With that said, our animal agriculture industries like poultry and beef cattle compete for the same corn that is used to make ethanol. It just does not make much sense to use a commodity we need to feed ourselves in order to make ethanol.

Stanford University scientists have found a new, highly efficient way to produce liquid ethanol from carbon monoxide. This promising discovery could provide an eco-friendly alternative to conventional ethanol production from corn and other crops, the scientists said. Their results were published in the April 9 advanced online edition of the journal Nature. 

“We have discovered the first metal catalyst that can produce appreciable amounts of ethanol from carbon monoxide at room temperature and pressure — a notoriously difficult electrochemical reaction,” said Matthew Kanan, an assistant professor of chemistry at Stanford and co-author of the study. 

Most ethanol today is produced at high-temperature fermentation facilities that chemically convert corn, sugarcane and other plants into liquid fuel, but growing crops for biofuels requires thousands of acres of land and vast quantities of fertilizer and water, a Stanford news release noted.

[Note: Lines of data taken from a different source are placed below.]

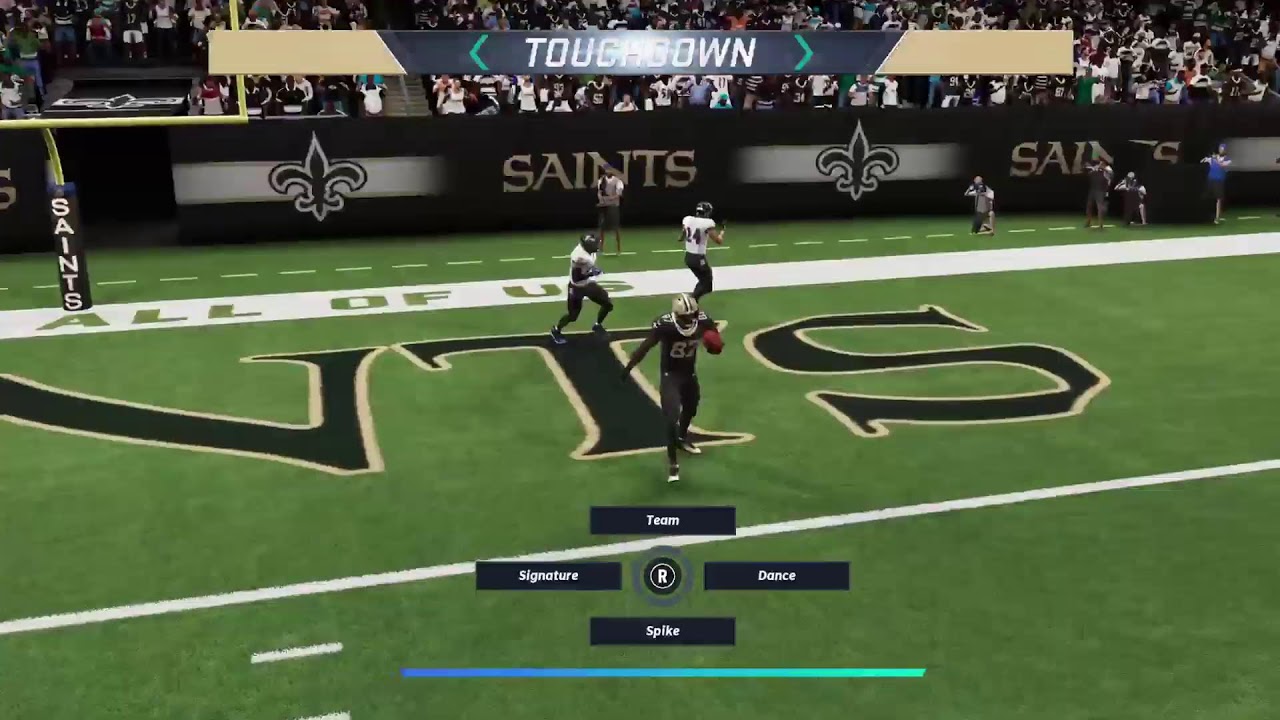 Baltimore Ravens vs. New Orleans Saints | Madden NFL 21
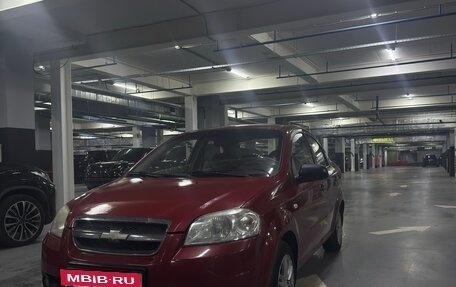 Chevrolet Aveo III, 2008 год, 253 000 рублей, 1 фотография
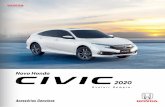 Acessórios Genuínos - honda.com.br · O Novo Honda Civic possui protetores de para-choque, frisos de porta e apliques, tudo isso para proteger e personalizar ainda mais seu novo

In some parts of the U.S., it takes more than 800 gallons of water to grow a bushel of corn, which, in turn, yields about 3 gallons of ethanol. 

The new technique developed by Kanan and Stanford graduate student Christina Li requires no fermentation and, if scaled up, could help address many of the land and water use issues surrounding ethanol production today. 

Kanan envisions taking carbon dioxide from the atmosphere to produce carbon monoxide, which, in turn, would be fed to a copper catalyst to make liquid fuel. The carbon dioxide released into the atmosphere during fuel combustion would be reused to make more carbon monoxide and more fuel — a closed-loop, emissions-free process. 

“We hope our results inspire other people to work on our system or develop a new catalyst that converts carbon monoxide to fuel,” Kanan said.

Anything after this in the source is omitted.